Mumsnet has not checked the qualifications of anyone posting here. If you need help urgently or expert advice, please see our domestic violence webguide and/or relationships webguide. Many Mumsnetters experiencing domestic abuse have found this thread helpful: Listen up, everybody

How to help dh

20 replies

ememem84 · 23/02/2015 06:56

Bit of a backstory here. Dh's parents divorced 2 years ago. Fil no longer speaks to dh because (we think) he sees that dh took mil's side during the separation. Mil moved from near us to 12500miles away back to her home country.

We don't know the exact reasons for mil deciding she was getting a divorce. (It seemed very much one sided.poor fil had no say in anything so it seemed). She became very needy and clingy. We visited her at Christmas and had to listen to how marvelous her single life is, how she should have never married etc. She also told me I'm no longer family (but really that's another issue).

Since the divorce dh has changed. He's just not the same person he was. Speaking to him last night he said he no longer has a family. His mum ruined and destroyed every happy memory he had of his childhood. He believes they are all based on lies. He keeps having "dark thoughts" (not sure what though because he won't talk about it with me). He says he feels like someone has died and he's not allowed to grieve.
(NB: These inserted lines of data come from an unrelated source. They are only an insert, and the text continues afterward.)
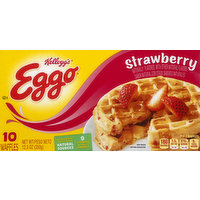 Eggo Waffles, Strawberry, 10 Each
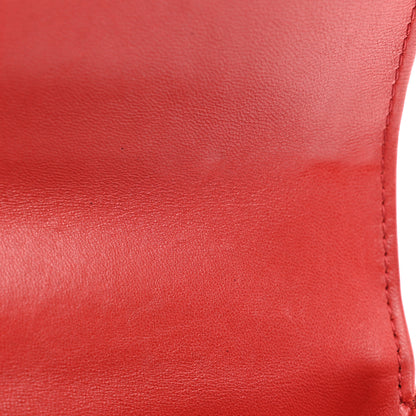 Prada Nappa Gaufre Small Chain Flap Shoulder Bag Fuoco 11 of 12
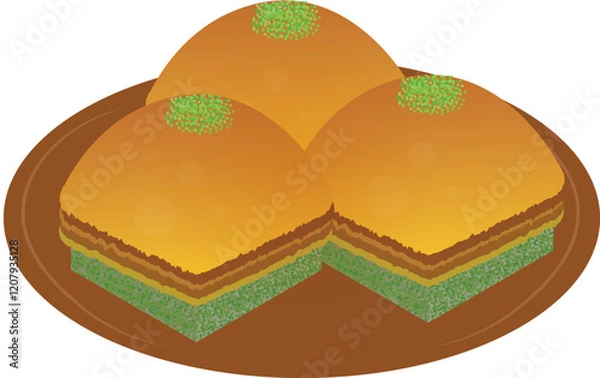 Obraz baklava traditional dessert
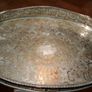 Silver Plated Tray and Bowl Image 3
It makes me sad then angry that he's feeling like this but I don't know what to do to help.

Anyone been through similar?
I've suggested he speak to someone but no idea who....

OP posts:
RandomNPC · 23/02/2015 07:17

If he's having 'dark thoughts', then I'd suggest his GP. Has he said why he doesn't want to talk to you about it?

ememem84 · 23/02/2015 07:29

I was thinking gp. We share the same one so did think maybe about going to see her for some advice myself.

He doesn't want to talk about it because it makes him upset. So it's not just talking to me about it. It's anyone.

I fully appreciate how hard it was for him - if I'm honest mil put a lot of strain on our marriage at the time. We were never left alone. Phone calls late at night her crying down the phone, never seeming to understand that we had lives of our own, she couldn't grasp that we maybe didn't want her with us all the time.

I read somewhere that it's usually easier on kids if their parents separate and divorce when they are young because they aren't capable of fully understanding what's going on and aren't dragged into the middle.

I honestly think dh needs to speak to his mum about how he's feeling and tell her what he told me (About destroying families etc) but he's said he won't because she won't listen and will just carry on as she is. Destroying everything around her (this part is true. While away at Christmas she said some truely upsetting things to me -doesn't consider me family anymore, suggested I leave dh... Doesn't seem to realise how hurtful she's being, thinks it's all a big joke and when you dare to challenge her you're being oversentitive).

Ultimately this IS a mil issue, isn't it....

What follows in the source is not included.